TASK: Would you pull out every line of the material that contains the string "Queen"?

========

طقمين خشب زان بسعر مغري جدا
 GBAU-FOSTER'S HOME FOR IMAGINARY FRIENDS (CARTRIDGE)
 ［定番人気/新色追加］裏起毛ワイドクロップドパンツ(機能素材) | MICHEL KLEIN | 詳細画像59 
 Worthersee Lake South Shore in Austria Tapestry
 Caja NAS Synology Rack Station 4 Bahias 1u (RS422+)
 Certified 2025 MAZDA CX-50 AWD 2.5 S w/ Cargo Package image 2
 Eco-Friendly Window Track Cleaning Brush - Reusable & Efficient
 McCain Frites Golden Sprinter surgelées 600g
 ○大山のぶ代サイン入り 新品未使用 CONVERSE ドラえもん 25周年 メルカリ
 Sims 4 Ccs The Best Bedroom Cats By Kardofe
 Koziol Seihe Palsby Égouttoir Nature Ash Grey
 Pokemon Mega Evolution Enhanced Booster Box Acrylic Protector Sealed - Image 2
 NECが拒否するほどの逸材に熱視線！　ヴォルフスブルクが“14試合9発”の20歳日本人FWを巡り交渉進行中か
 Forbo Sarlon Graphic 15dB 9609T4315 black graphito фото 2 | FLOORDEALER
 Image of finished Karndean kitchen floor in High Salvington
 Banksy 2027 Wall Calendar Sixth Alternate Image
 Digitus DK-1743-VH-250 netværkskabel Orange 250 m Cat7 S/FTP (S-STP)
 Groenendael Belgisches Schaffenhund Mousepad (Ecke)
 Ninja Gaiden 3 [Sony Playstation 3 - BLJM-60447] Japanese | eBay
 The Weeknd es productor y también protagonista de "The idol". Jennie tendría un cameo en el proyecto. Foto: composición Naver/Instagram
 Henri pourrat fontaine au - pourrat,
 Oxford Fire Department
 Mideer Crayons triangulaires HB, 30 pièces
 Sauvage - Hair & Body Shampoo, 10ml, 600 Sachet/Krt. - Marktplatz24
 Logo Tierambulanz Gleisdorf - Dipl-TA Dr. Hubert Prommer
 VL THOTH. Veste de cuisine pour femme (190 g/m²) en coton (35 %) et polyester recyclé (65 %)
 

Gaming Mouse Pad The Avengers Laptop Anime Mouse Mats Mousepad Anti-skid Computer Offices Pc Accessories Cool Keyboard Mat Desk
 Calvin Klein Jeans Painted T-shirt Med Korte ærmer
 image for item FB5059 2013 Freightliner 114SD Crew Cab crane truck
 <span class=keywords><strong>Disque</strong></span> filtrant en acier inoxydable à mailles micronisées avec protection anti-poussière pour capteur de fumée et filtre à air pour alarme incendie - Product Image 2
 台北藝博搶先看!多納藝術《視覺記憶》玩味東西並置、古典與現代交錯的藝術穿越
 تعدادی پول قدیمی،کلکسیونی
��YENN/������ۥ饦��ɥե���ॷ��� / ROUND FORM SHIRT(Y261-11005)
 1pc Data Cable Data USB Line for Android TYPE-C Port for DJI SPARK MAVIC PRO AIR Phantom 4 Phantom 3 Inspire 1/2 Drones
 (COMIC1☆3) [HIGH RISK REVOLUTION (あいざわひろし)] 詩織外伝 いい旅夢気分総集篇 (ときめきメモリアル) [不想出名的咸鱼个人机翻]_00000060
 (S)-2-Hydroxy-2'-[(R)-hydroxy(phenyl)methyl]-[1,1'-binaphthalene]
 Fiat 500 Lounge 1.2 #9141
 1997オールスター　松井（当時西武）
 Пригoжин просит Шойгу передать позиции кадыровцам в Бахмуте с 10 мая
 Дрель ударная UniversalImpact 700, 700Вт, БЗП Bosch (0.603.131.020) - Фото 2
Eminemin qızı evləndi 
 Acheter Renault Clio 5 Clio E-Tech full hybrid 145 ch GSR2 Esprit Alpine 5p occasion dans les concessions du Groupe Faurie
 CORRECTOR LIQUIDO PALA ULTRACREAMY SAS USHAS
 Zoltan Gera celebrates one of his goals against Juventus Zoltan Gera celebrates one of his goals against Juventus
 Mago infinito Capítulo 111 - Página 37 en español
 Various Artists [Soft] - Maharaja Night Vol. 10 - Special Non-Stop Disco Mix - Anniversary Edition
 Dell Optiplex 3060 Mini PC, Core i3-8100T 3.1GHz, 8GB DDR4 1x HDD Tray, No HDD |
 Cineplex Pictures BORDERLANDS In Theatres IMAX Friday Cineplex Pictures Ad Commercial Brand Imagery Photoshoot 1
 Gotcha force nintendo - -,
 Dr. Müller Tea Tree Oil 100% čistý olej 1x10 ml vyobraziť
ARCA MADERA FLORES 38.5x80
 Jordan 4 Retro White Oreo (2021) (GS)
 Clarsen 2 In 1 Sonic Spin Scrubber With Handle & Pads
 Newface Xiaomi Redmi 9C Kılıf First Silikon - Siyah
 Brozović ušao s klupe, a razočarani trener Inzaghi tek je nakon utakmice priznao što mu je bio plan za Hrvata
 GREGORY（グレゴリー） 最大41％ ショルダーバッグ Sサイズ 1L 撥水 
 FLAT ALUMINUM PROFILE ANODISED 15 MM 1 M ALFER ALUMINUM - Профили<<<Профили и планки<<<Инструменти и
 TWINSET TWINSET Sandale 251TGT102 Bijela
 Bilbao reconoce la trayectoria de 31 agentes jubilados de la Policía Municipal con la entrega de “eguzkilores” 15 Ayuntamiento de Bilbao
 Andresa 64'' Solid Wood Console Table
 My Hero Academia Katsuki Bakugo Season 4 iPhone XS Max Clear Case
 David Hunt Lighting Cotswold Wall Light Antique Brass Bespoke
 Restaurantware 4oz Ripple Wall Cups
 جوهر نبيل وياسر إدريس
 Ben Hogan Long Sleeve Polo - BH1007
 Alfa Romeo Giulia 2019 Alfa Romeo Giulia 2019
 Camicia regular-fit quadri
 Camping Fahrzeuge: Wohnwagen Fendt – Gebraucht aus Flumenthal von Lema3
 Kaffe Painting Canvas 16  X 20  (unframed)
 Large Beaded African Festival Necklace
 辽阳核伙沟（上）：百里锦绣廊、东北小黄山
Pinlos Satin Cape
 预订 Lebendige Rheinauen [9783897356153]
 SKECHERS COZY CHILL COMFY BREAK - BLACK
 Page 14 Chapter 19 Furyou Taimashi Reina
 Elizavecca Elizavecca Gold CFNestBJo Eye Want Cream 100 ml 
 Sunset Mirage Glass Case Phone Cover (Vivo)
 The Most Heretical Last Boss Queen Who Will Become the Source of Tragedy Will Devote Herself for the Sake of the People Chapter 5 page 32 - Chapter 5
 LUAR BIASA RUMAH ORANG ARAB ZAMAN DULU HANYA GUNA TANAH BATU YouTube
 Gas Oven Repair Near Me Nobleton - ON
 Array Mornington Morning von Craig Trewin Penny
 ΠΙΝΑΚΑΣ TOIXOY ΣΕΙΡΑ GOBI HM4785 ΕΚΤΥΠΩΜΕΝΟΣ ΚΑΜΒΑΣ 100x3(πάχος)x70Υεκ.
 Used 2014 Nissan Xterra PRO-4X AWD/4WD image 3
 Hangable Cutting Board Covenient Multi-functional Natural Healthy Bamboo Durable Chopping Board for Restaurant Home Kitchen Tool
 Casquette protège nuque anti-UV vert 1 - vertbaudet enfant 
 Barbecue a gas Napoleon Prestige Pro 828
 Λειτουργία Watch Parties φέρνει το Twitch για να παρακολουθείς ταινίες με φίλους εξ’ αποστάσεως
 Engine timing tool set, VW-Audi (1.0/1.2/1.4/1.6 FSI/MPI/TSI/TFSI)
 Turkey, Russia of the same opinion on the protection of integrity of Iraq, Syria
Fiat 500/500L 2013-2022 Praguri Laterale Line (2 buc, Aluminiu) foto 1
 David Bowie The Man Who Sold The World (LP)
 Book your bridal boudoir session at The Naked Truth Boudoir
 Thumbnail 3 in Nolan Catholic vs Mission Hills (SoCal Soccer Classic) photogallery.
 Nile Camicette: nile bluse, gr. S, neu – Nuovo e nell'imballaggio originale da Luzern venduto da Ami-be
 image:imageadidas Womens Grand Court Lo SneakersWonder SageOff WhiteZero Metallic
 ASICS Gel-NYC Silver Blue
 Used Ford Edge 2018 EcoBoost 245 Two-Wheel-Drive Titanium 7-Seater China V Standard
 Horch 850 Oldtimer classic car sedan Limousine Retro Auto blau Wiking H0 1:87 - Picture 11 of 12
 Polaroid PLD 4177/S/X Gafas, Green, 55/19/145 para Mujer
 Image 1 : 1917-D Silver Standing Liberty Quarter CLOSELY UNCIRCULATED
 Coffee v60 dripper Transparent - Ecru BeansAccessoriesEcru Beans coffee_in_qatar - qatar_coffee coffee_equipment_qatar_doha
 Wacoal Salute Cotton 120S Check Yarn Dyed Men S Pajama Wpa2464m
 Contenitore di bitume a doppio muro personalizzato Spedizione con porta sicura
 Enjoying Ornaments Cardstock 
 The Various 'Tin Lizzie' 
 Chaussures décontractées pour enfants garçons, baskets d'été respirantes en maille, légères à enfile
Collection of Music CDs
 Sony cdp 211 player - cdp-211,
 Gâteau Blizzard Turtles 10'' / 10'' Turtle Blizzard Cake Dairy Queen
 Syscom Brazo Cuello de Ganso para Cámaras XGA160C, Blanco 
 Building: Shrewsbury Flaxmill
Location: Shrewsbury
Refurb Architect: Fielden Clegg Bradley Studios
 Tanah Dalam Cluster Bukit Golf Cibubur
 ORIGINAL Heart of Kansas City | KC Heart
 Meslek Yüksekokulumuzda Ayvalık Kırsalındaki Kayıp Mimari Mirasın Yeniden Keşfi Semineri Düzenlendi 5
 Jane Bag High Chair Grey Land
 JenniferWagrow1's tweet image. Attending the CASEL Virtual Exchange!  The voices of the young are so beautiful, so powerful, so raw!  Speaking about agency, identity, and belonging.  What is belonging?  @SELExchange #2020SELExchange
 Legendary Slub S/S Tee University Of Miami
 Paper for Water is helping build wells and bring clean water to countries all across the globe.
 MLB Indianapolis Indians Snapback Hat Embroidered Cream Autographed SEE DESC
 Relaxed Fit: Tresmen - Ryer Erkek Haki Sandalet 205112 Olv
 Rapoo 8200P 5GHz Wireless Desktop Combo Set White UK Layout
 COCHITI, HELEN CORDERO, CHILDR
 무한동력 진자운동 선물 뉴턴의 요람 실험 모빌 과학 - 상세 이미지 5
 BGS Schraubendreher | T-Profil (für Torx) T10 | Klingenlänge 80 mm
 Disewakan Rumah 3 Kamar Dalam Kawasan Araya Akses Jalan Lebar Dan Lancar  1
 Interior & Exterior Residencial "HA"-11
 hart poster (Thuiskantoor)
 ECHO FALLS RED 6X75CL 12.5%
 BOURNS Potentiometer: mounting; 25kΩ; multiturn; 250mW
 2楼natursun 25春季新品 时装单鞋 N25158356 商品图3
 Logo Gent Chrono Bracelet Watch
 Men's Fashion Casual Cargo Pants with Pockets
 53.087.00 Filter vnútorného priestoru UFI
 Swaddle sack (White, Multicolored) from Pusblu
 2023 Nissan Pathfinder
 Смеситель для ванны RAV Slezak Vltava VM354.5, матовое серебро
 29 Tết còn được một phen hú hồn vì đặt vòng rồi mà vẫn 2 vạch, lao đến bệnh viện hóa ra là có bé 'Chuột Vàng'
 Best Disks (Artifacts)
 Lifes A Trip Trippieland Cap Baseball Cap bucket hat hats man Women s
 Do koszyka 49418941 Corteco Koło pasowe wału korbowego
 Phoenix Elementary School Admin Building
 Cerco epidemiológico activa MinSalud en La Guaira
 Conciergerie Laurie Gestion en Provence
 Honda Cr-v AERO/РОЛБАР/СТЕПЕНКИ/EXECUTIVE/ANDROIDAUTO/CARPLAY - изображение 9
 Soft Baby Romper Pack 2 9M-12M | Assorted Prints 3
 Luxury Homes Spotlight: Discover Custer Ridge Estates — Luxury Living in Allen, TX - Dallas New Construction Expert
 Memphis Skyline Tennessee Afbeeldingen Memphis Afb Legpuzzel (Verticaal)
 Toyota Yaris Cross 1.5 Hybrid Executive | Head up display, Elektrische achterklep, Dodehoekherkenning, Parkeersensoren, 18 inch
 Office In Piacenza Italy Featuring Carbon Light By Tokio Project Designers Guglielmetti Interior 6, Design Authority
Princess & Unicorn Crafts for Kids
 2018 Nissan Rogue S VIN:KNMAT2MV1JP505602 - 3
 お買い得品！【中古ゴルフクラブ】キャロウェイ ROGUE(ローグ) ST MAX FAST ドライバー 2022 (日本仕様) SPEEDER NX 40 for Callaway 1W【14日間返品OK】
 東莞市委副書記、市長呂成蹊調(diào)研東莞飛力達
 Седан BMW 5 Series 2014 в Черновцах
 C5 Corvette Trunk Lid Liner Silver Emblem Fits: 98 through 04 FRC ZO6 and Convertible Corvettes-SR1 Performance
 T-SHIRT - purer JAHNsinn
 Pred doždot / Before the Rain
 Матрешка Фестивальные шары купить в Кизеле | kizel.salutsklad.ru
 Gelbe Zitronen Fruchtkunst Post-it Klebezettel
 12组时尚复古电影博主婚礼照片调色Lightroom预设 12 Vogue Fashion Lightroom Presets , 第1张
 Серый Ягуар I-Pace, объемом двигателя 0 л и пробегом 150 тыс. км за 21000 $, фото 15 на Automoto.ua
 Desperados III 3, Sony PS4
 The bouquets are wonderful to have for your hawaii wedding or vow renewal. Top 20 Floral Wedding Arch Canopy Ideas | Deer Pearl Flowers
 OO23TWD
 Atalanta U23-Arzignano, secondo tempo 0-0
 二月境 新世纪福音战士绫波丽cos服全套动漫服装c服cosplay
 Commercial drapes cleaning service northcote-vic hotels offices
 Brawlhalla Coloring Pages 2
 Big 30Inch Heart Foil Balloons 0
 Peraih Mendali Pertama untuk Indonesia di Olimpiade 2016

========

ANSWER SPACE:
 The Most Heretical Last Boss Queen Who Will Become the Source of Tragedy Will Devote Herself for the Sake of the People Chapter 5 page 32 - Chapter 5
 Gâteau Blizzard Turtles 10'' / 10'' Turtle Blizzard Cake Dairy Queen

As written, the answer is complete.